In your copy, leave out the pictures and repeat the entries below exactly.

====== Input records

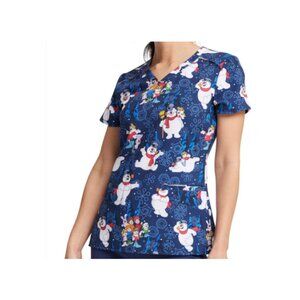 Frosty the Snowman Womens Scrub top XL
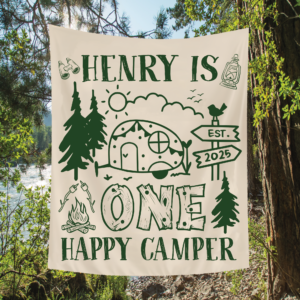 Custom Camping First Birthday Tapestry – One Happy Camper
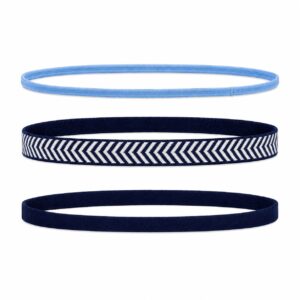 Haarband Sport 1cm – Elastiek - Anti-slip – Blauw - Set van 3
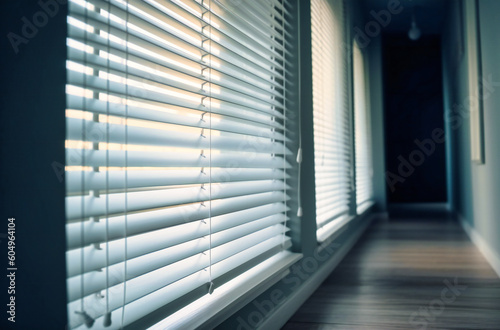 white wooden blinds in white office © Nilima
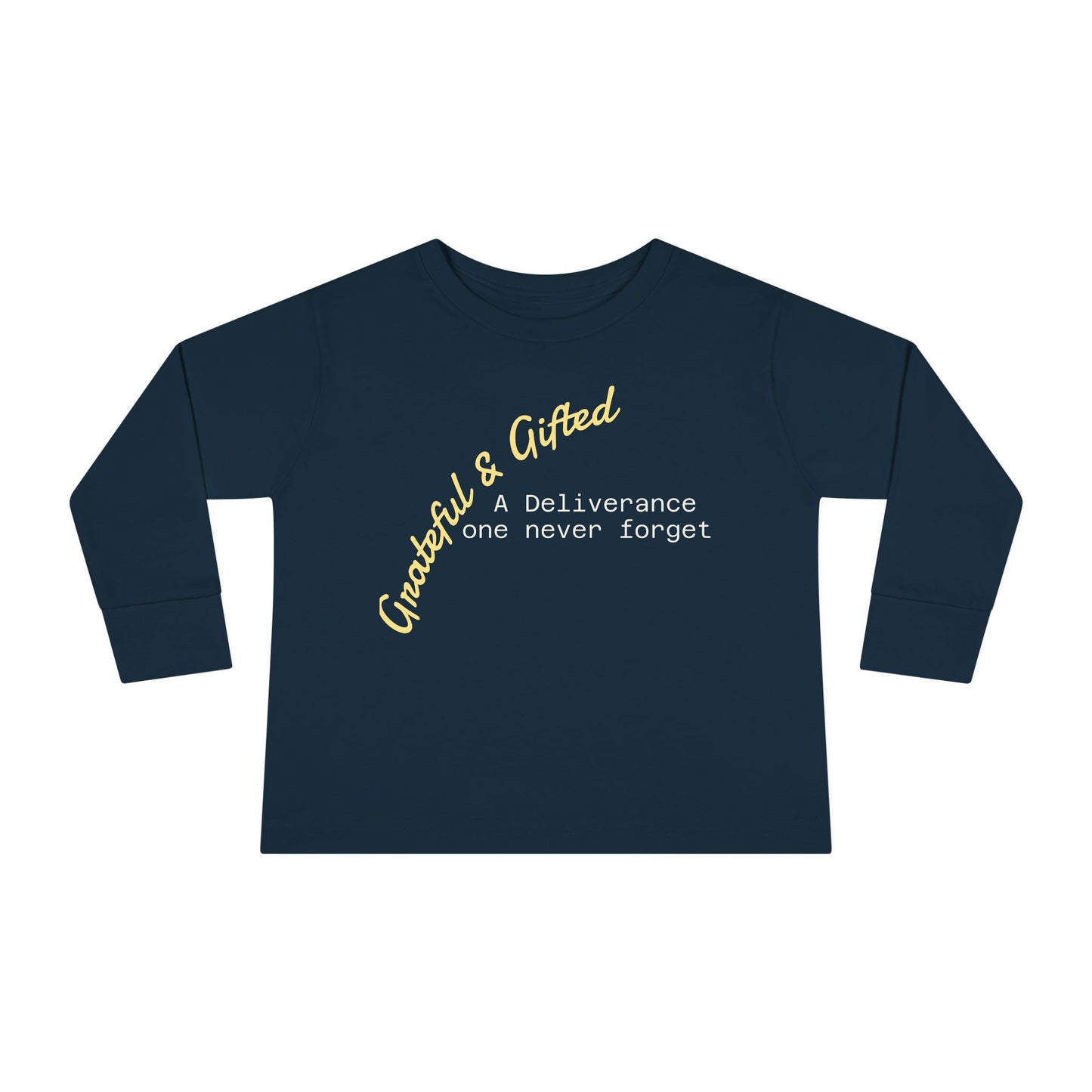 Gold-Printed Toddler Long Sleeve Tee | Perfect for Everyday Play, Birthdays, Holidays, and Family Photos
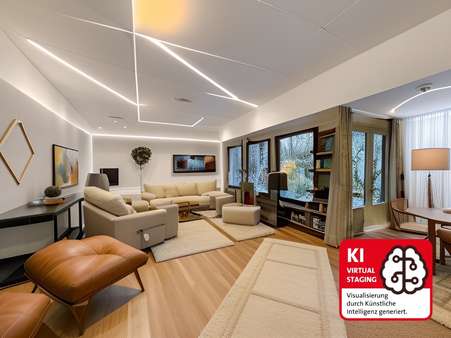 Wohnzimmer - Bungalow in 47805 Krefeld mit 111m² kaufen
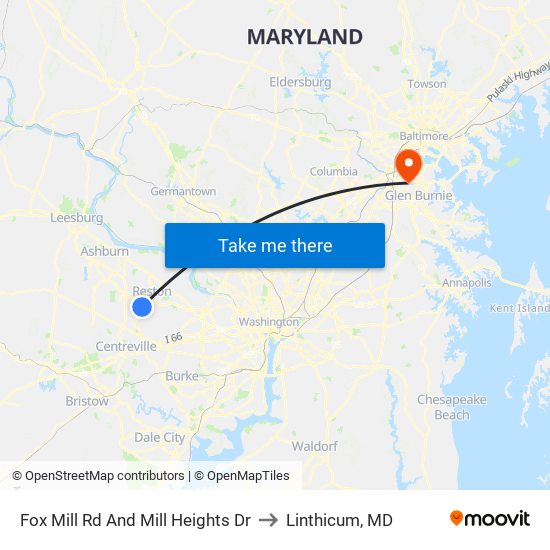 Fox Mill Rd And Mill Heights Dr to Linthicum, MD map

============

## Exercise solution
 Frosty the Snowman Womens Scrub top XL
 Custom Camping First Birthday Tapestry – One Happy Camper
 Haarband Sport 1cm – Elastiek - Anti-slip – Blauw - Set van 3
 white wooden blinds in white office © Nilima
 Gold-Printed Toddler Long Sleeve Tee | Perfect for Everyday Play, Birthdays, Holidays, and Family Photos
 Wohnzimmer - Bungalow in 47805 Krefeld mit 111m² kaufen
 Fox Mill Rd And Mill Heights Dr to Linthicum, MD map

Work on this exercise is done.